ILLUSTRATION BY JASPER RIETMAN
By ADAM DAVIDSON
Last Updated: Jul. 23, 5:00 AM ET

For Alejandro Suarez, the change in the East Village is easily visible on the shelves of the bodega where he has worked for seven years. On the corner of East 12th Street and Avenue A, the store used to be at the borderline between the richer people to the West and the poorer people to the East. When Suarez started, he sold lots of beans and rice to the Hispanic people who lived on the block. But Goya products are now crammed on a tiny shelf way in the back, while up front, there’s a huge and growing selection of organic produce, vegetarian sandwiches and high-end energy bars.

The East Village and the broader Lower East Side make up one of the most economically integrated parts of the city. It is one of the last places where the fairly rich and the very poor live on the same blocks and shop in the same bodegas. But the area is steadily becoming more like most of Manhattan: dominated by those with high incomes paying seemingly absurd rents, while the poor either leave or stay in government housing on the periphery. While older affordable housing is reaching the end of its life cycle, new affordable housing’s major source of public funding — Congress — is planning comprehensive tax-and-spending reform. This could pose an existential threat to New York’s regulatory efforts to keep Manhattan affordable for the poor.

So what would happen if Manhattan were completely free of rent regulations and other forms of housing subsidies? According to several housing analysts, it would quickly become an island occupied solely by middle class and rich people. Christopher Mayer, a housing economist at Columbia Business School, imagines tens of thousands of professionals, currently scared away by insane rents, moving in from Brooklyn, Queens and Hoboken — even Philadelphia and Chicago. “Poor people would be priced out of Manhattan,” he says. “Period.” But an East Village where nobody makes less than $90,000 a year might actually damage the city’s long-term prospects.
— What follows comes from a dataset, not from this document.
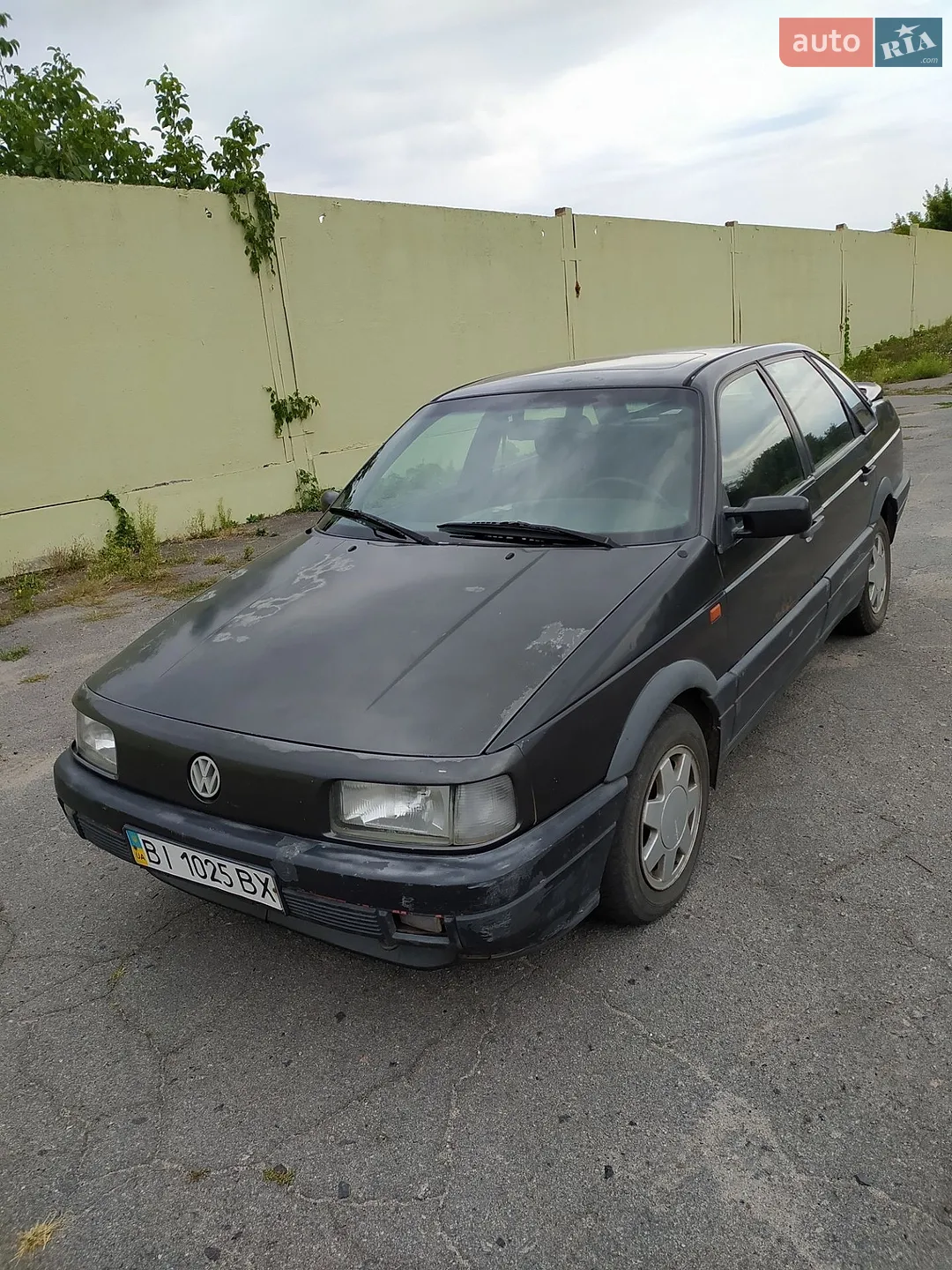Volkswagen Passat, 1989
Manhattan has had an outsize impact on the world’s culture and economy in large part because of its economic diversity. Home to broke writers and wealthy publishers, starving painters and well-heeled collectors, unproven fashion newcomers and the established houses, and countless other symbiotic pairings, Manhattan has been a place where unlikely ideas can build an audience and, sometimes, dominate the mainstream. For 200 years, the East Village has served as an initial toehold into this chaotic mess. But rent regulation may not be helping keep it diverse.

Rent control first appeared in the 1940s, when soldiers returned to the city seeking apartments for their new families, causing rents to rise drastically. Since then, countless housing programs have been created at local, state and federal levels, but the biggest housing intervention in New York today is rent stabilization: a slightly more flexible version of rent control, in which a city board of experts annually determines how much more landlords can charge their tenants.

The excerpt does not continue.